Two games into 2026, something has changed. And the Yankees bullpen may be better for it.
Yankees get the Doval they traded for
Doval struck out the side in order in the eighth inning of Friday’s 3-0 win over the Giants at Oracle Park. He needed just 12 pitches to retire Heliot Ramos, Casey Schmitt and Patrick Bailey, generating five whiffs on eight swings against him.
It was his second strong outing of the young season. Doval also retired the Giants in order during Wednesday’s 7-0 Opening Night victory, closing that game by striking out the side as well.
Yankees manager Aaron Boone called Friday’s performance “dominant.”
“That’s what he’s capable of,” Boone said. “He kind of overmatched them.”
Doval said through an interpreter that he has become “comfortable” in his new environment and role.
“I felt really good,” the right-hander added of Friday’s outing.
A retooled sinker is driving the Yankees reliever’s early dominance

The raw talent was never the question with Doval. His Statcast data has consistently shown elite spin rates, above-average movement profiles and contact suppression numbers that suggest hitters are uncomfortable when he is locked in. The issue was always delivery and command.
The Yankees pitching staff has been working with Doval on a specific adjustment since he arrived in camp. The focus has been on his sinker, his best ground-ball pitch. The goal is more downward movement, sharper late action and fewer pitches that drift into hittable zones.
Friday offered the first real evidence the work is translating. The sinker was noticeably sharper than anything Doval showed during his time with the Giants. It generated swing-and-miss at the bottom of the zone rather than weak contact. That, in turn, makes his cutter twice as disruptive because the sinker forces hitters to adjust their eye level lower.
Doval’s ground ball rate last season sat in the 91st percentile, which is elite. If the Yankees can pair that with improved command and a sinker that produces more whiffs, they may have found the setup arm they envisioned when they made the trade.
Yankees bullpen needed this after offseason losses
The urgency around Doval’s development is real. The Yankees lost both Devin Williams and Luke Weaver to the Mets in free agency. Those departures stripped the back end of the bullpen of two proven arms and left the Yankees relying on a group that still has question marks.

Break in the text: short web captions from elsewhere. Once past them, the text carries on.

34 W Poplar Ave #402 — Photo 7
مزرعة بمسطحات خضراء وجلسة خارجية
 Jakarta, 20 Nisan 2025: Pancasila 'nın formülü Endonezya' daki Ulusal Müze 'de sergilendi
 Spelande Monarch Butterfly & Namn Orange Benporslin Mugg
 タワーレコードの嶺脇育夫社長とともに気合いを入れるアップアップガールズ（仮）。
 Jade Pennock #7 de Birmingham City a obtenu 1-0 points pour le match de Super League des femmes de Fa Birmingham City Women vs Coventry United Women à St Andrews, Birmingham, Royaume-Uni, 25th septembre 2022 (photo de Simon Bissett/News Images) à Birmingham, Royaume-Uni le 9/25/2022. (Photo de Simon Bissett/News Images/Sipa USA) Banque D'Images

David Bednar has settled into the closer role and handled it cleanly through the first two games. But the Yankees need a reliable bridge to get the ball to Bednar with the lead intact. That is the role Doval was acquired to fill.
The rest of the Yankees bullpen is still sorting itself out. Fernando Cruz and lefty Tim Hill combined for 1 2/3 scoreless innings Friday in relief of Cam Schlittler. Jake Bird and Rule 5 acquisition Cade Winquest are among the right-handers Boone has available, though neither carries the pedigree Doval does.
There is also the possibility that young prospect Carlos Lagrange, whom the Yankees want to keep as a starter for as long as possible, could eventually move to the bullpen if his minor league workload climbs too high.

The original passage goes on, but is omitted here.